Чиновник попал в беду, и успешно выпутывается. Душа его играет всеми своими красками. Преданность власти: «начальник, мною любимый», «благоговейное чувство». Изъяснение своей чистоты и невинности: «я же не только не способен быть оратором возмущения, много если предаюсь избытку искренности в тесном кругу людей кротких и благомыслящих»… «русское платье снова сблизило бы нас с простотою отечественных нравов, сердцу моему чрезвычайно любезных».
А вот на странице 27 приведен и пример любезной простоты нравов, в рассказе С.Н. Бегичева о свидании с Грибоедовым в Москве, когда его везли с Кавказа в Петербург. Грибоедов шутит над своим плешивым фельдъегерем: «это испанский гранд дон Лыско Плешивос да Париченца».

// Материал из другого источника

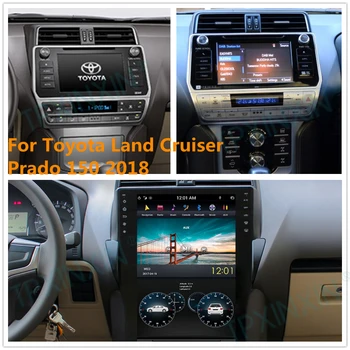За Toyota Land Cruiser Prado 150 2018 + Android, кола стерео радио, мултимедиен плеър Tesla, авто екран на устройството GPS навигация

Да, простота отечественных нравов чрезвычайно любезна чувствительному сердцу Молчалина. В темном уголке позабавиться поцелуями крепостной горничной, при полном свете дня поиздеваться над простым человеком, чего проще! чего любезнее!
Любопытная книга.
Полотно и тело
Был на выставках. Впечатление смутное. То понравилось, это — нет. Ничто не взволновало. Ничто не завладело душою. Ни с одного полотна не повеяло побудительным обаянием высокого искусства.
Отчего? Не знаю. Многие полотна написаны с превосходною техникою. Есть картины с очень выдержанным настроением. Есть содержательные картины. Красивые пятна, цветовые эффекты, колорит, перспектива, настроение, современность, идея — все на месте. И все в общем безрадостно.
Не война-ли виновата? Не её ли зловещее влияние бросает на все тусклую тень уныния и бессилия?
Немало картин, посвященных войне. Идут в атаку, впереди раненый священник с крестом; у солдата у всех глаза скошены в сторону, к зрителю, — очевидно, враг там, за спиною зрителя. Не вижу вкуса в таком повороте написанных на картине лиц. И думаю, что художник перепустил ужасу на солдатских лицах. Но пусть так. Война, так война. Известно, война, — ужасна. Жаль, конечно, что эта тема трактуется с удивительной наивностью. Но все-таки… пусть, пусть так.
Другие полотна: казаки налетали на японцев, рубят их… провожают офицера на войну… сестра милосердия на площадки вагона… «мужики в глубокой думе слушают» чтение газеты (конечно, о войне)… встреча в семьи вернувшегося с войны офицера с повязанной рукою… лазарет… видение Христа тяжко раненым…
И все не трогает, не ужасает.
Удручает эта робость воображения: были битвы, раны, смерти, проводы, встречи, — вот все это и нарисуем. Это— война.
— Это — война, — говорят художники своими полотнами. — Так они воюют.
— Это — не война, — хочется ответить. — Так не воюют.